Artémidore de Daldis (dit parfois Artémidore d'Éphèse, ce qui crée une confusion avec Artémidore le géographe) est un auteur grec spécialiste d'onirocritique du IIe siècle, né sans doute à Éphèse. Son ouvrage en grec intitulé Oneirokritika condense tout le savoir antique sur la divination par le rêve et servira durant des siècles d’ouvrage de référence sur la question. Il fut lu et relu par Sigmund Freud.
L’Antiquité n’a pas cessé de s’intéresser au rêve, perçu comme un lien entre l’homme et tout ce qui le dépasse. Pour reprendre une phrase de Freud (Sur les rêves), on pourrait dire que les Anciens tenaient le rêve « pour une information soit bienveillante soit hostile de puissances supérieures, dieux et démons. »

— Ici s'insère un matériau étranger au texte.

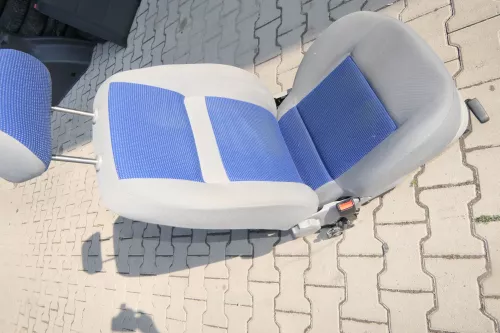 Seat Arosa VW Lupo Sitz vorne links Fahrersitz höhenverstellbar blau grau Kopfst (111509)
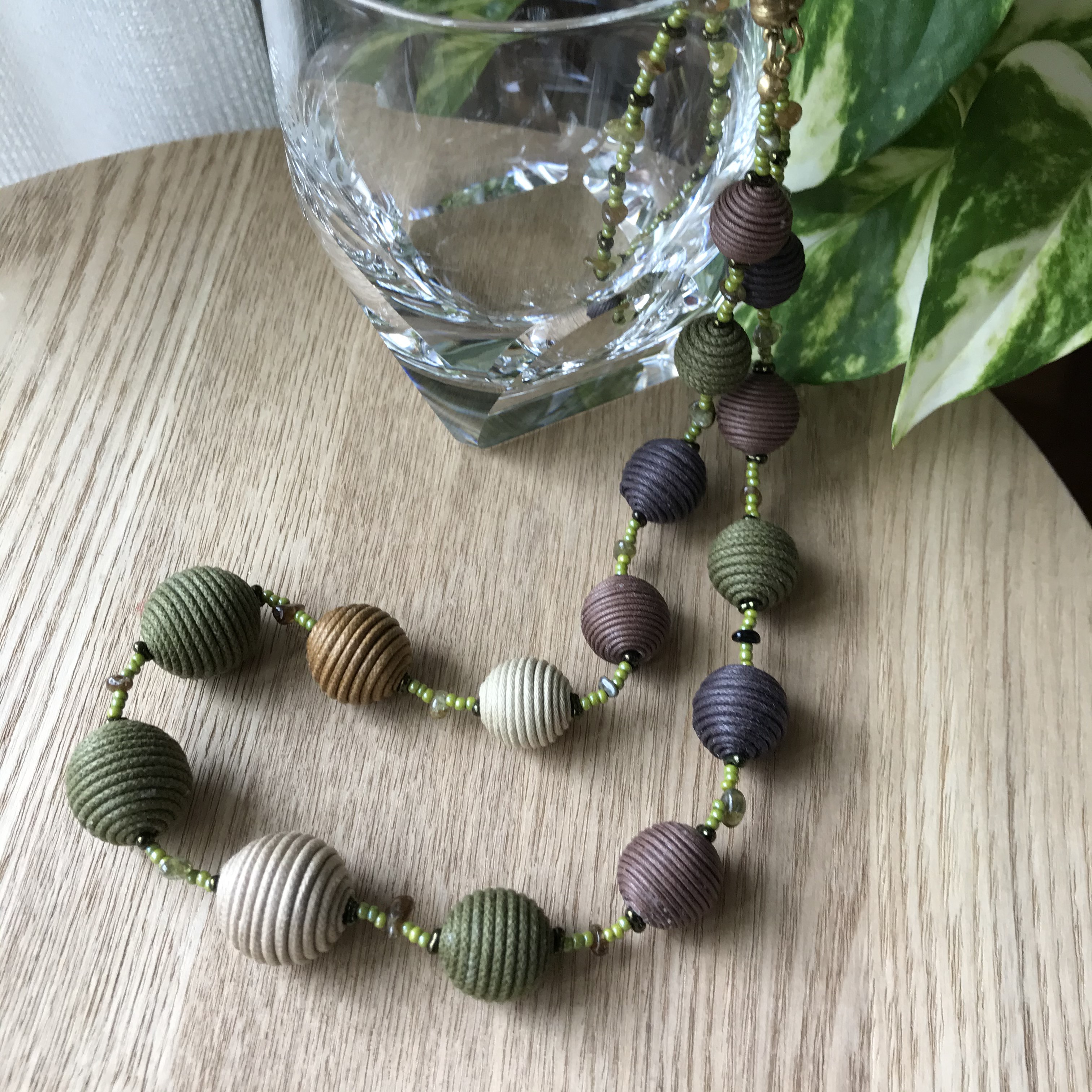 ネックレスマキマキ苔玉カラー　アジャスター付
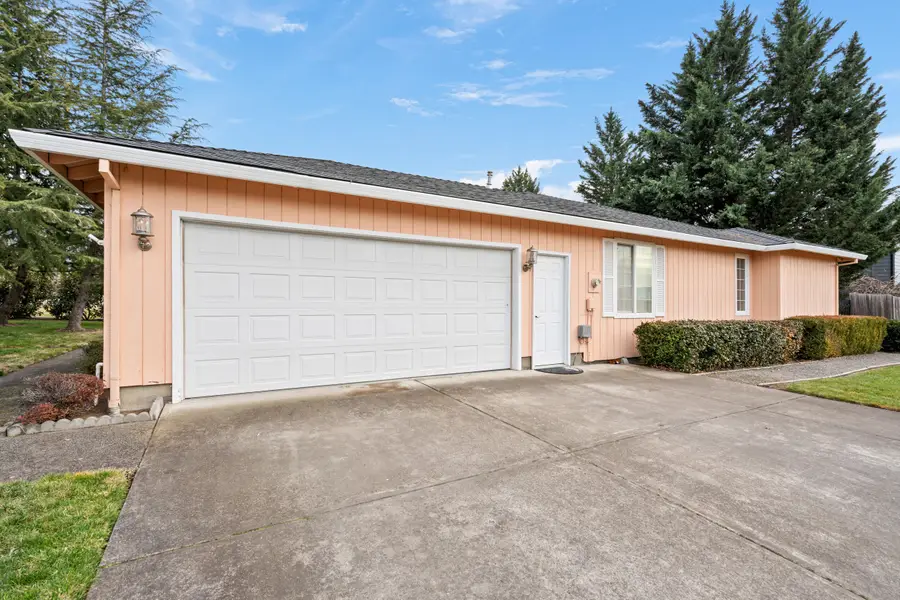 3402 Lone Pine Road, Medford, OR 97504 - #2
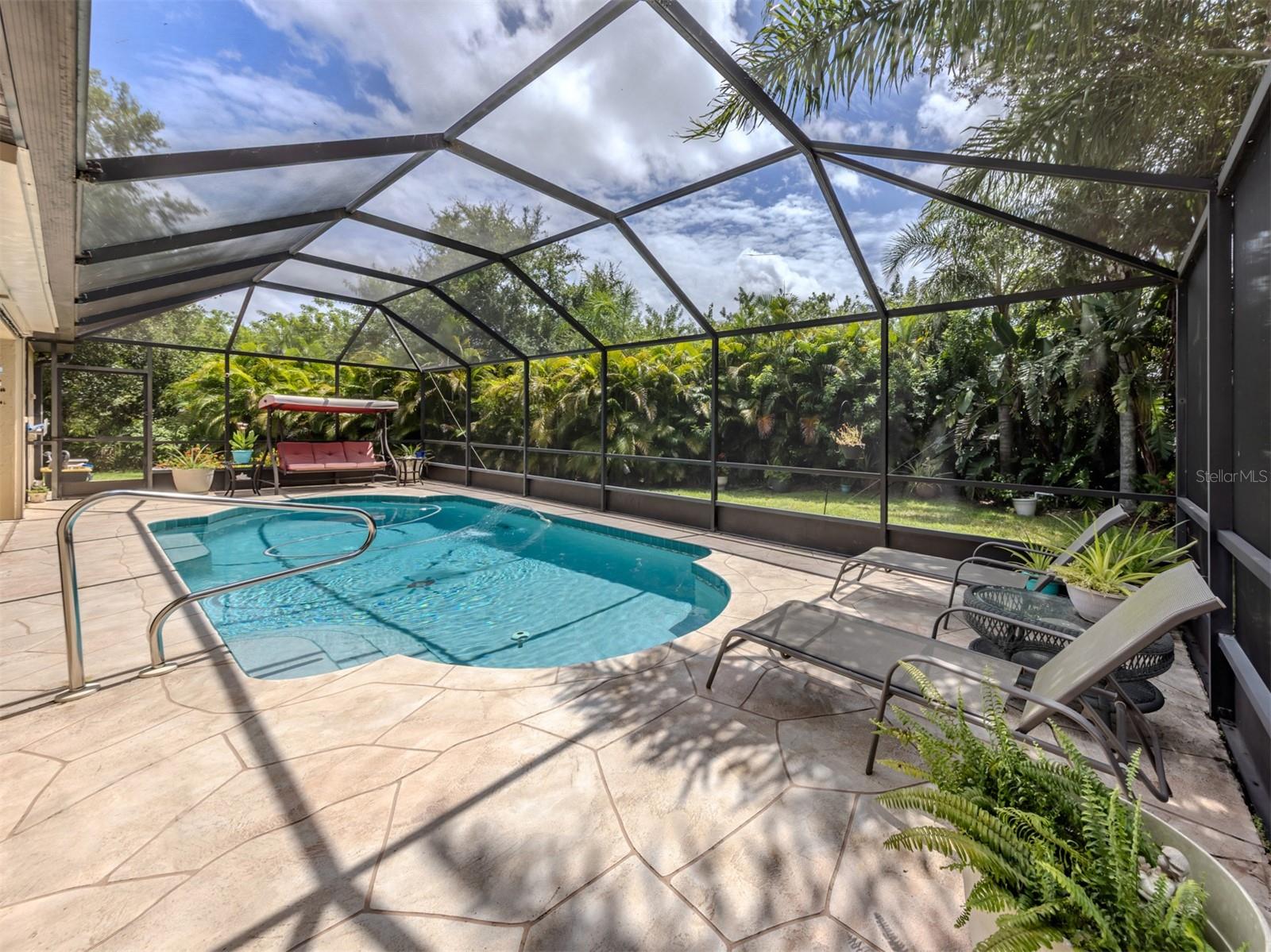 Image 26 of 66 For 7851 Howser Court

Dès l’époque des poèmes homériques, au VIIIe s. av. J.-C., il est question de gens qui interprètent les rêves (les oneiropoloi, Iliade, I, 63). À partir du Ve s., les textes grecs commencent à employer le terme d’oneirokritès pour désigner ces interprètes des rêves. Ce sont souvent des gens modestes qui s’adressent à un public populaire qu’ils rencontrent à l’agora ou à l’occasion des grands rassemblements de pèlerins, lors des panégyries. Pour une petite somme d’argent, ils expliquent de manière mécanique les rêves de ceux qui viennent les trouver (par exemple, Aristophane, Les Guêpes, 52-53).
Parallèlement, les rêves jouent un rôle religieux de plus en plus grand, ainsi dans le culte d’Asclépios. Cela entraîne le développement d’une médecine de sanctuaire fondée sur les rêves des malades en consultation. D’autres onirocrites se mettent au service des puissants, comme Aristandros de Telmessos avec Alexandre le Grand. Ces professionnels, conscients de la technicité de leur art qu’ils pratiquent avec méthode, suscitent la rédaction de traités théoriques et pratiques. De toute cette production, seuls les Oneirokritika d’Artémidore ont subsisté.
L'onirocritique
Les préfaces aux livres I et IV s’efforcent en effet d’exposer les principes de base et les méthodes de l’onirocritique. Elles permettent de voir le soin qu’il a mis à rassembler sa documentation. Non seulement il a voyagé et rencontré toutes sortes d’onirocrites (voir ci-dessus), mais il a aussi collecté le plus grand nombre de traités d’onirocritique qu’il pouvait (I, dédicace) ; il mentionne d’ailleurs assez souvent ses devanciers. Artémidore exerçait aussi la fonction d’interprète des rêves, sans doute auprès d’un public aisé qui devait le payer. L’encyclopédie de La Souda lui attribue trois ouvrages différents : les Oneirokritika, mais aussi un traité de divination d’après le vol des oiseaux (les Oiônoskopika) et enfin un traité sur la lecture des lignes de la main (les Kheiroskopika). Le traité sur le vol des oiseaux est aussi mentionné par Galien, mais l’attribution à Artémidore d’un traité sur les lignes de la main est certainement fausse dans la mesure où il parle de ceux qui font cela comme de charlatans (II, 69). Artémidore lui-même dit qu’il a écrit de nombreux livres (III, conclusion). Quoi qu’il en soit, les Oneirokritika sont le seul ouvrage de lui qui nous est parvenu.
Il faut ajouter que, bien qu’il s’agisse de divination, et donc, de notre point de vue, de superstition, Artémidore se place dans une perspective largement rationaliste, avec une exigence de rigueur méthodique qui distinguait sans doute son ouvrage parmi les autres du même genre.
En plus de pratiquer l’onirocritique, Artémidore avait lu tous les anciens traités et fréquenté de nombreux devins, apprenant ainsi à connaître les songes qui se racontent ici et là. Loin d’être un charlatan, Artémidore est convaincu de faire œuvre utile et scientifique. Il s’explique sur son art avec d’autant plus de candeur que certaines parties de son ouvrage ne sont pas destinées au public, mais à son fils seulement, tel l’ensemble du livre IV. Dans cette section, il s’efforce d’aller plus au fond de la science des rêves afin de donner à son fils des outils d’interprétation qui en feront « un interprète des songes meilleur que tous ou du moins non inférieur à aucun autre».